Christine Stuart / ctnewsjunkie
Bruno Wu, executive chairman and CEO of Seven Stars Cloud (Christine Stuart / ctnewsjunkie)

HARTFORD, CT — The greater Hartford region is fast becoming a “technology hub” and the latest addition to that innovation ecosystem may be Seven Stars Cloud, a Chinese company hoping to use artificial intelligence and blockchain technology to transform financial markets.

The publicly traded company is hoping to purchase the University of Connecticut’s former West Hartford campus for $5.2 million. The sale of the 58 acre campus will be discussed Friday by the UConn Board of Trustees.

The project that the Seven Stars Cloud is called “Chain Valley” will also require local approval.

If all goes as planned, Bruno Wu, executive chairman and CEO of SSC, plans to transform the former campus into his company’s North American headquarters.

“This fantastic location provides access to a highly skilled workforce, as well as more than 40 institutions of higher learning, and several major metropolitan areas all in proximity of this site,” Wu said. “It is an ideal location for our firm to write our next chapter, and we could not be more excited to soon join this wonderful community in West Hartford.”

The $283 million project is expected to create 330 jobs over the next five years. The state is investing $10 million.

SSC’s plans for the site includes a combination of rehabilitation of existing structures, the razing of others, and modest new construction. The company intends the site’s redevelopment to maintain the open look and feel of the campus.

The $10 million loan to help with the renovations of the existing structures will be forgiven if the company reaches its job targets.

“The fact that Dr. Bruno Wu, Executive Chairman & CEO of SSC, chose Connecticut, and particularly West Hartford, to invest hundreds of millions of dollars in private equity, illustrates the quality of life and highly skilled workforce Connecticut has to offer,” Rep. Joe Verrengia, D-West Hartford, said. “I am looking forward to seeing this facility take shape and for the high-tech jobs that will be created.”

Wu said they had “multiple” choices when they were discussing a North American headquarters.

He said West Hartford has a high-quality of life and there’s access to a talented workforce.

He said Hartford is the insurance capital, but it’s also a financial services hub where the company focuses its technologies.

“At the end of the day, the talent has to be here and I think Hartford’s got it,” Wu said.

He said the digital economy is about to take over and “we’re at the edge of the transformation.”

“The number one thing we can promise is that we will use our best efforts to deploy some of the best technologies world wide,” Wu said.

Gov.

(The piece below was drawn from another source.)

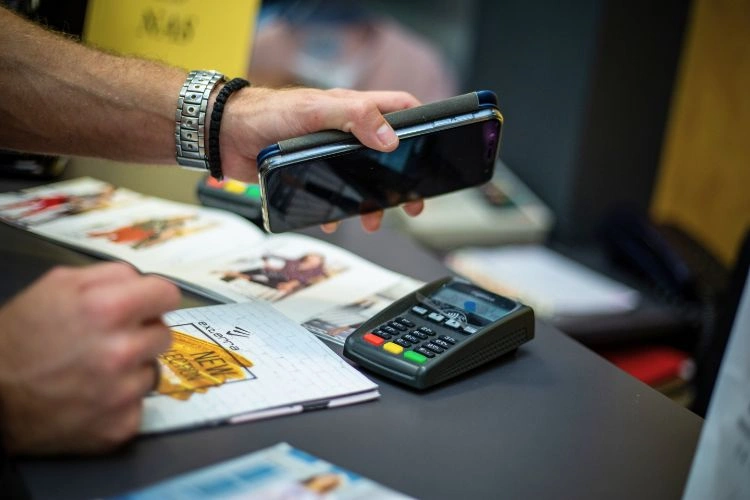 Homme en train de payer avec son téléphone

Dannel P. Malloy said as soon as UConn and local officials sign off on the project then construction could begin within six to eight months.

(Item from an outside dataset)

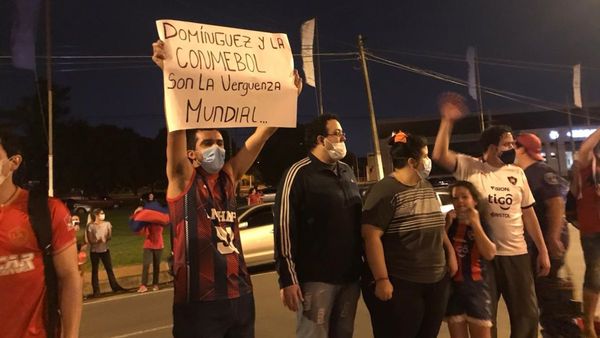 Hinchas de Cerro Porteño se manifiestan frente a la Conmebol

“We’re presenting an opportunity. An opportunity that fits in with the public discussion,” about how to use the former campus, Malloy said.

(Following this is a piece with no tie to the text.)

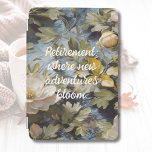 Capa Para iPad Mini Presentes de aposentadoria personalizados de russo<br><div class="desc">Transporte-se para uma era passada de elegância e charme de eterno com nossos designs florais antigos. Estes padrões requintados celebram a beleza da nostalgia, lembrando um jardim florescente onde as matizes de ontem se fundem com o calor das memórias queridas. Quando olharmos para estas frágeis flores e para os intrincados...</div>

Connecticut is fast becoming a hot spot for innovation and technology.

Just yesterday, the state joined with the city of New Britain in announcing that a former Stanley, Black & Decker factory will become home to an Energy and Innovation Park, with what is expected to be the world’s largest fuel cell and a data center with 3,000 employees.

That’s in addition to an announcement earlier this year that Infosys would be building one of its one of its four innovation hubs in Hartford and promises to create 1,000 jobs before 2022.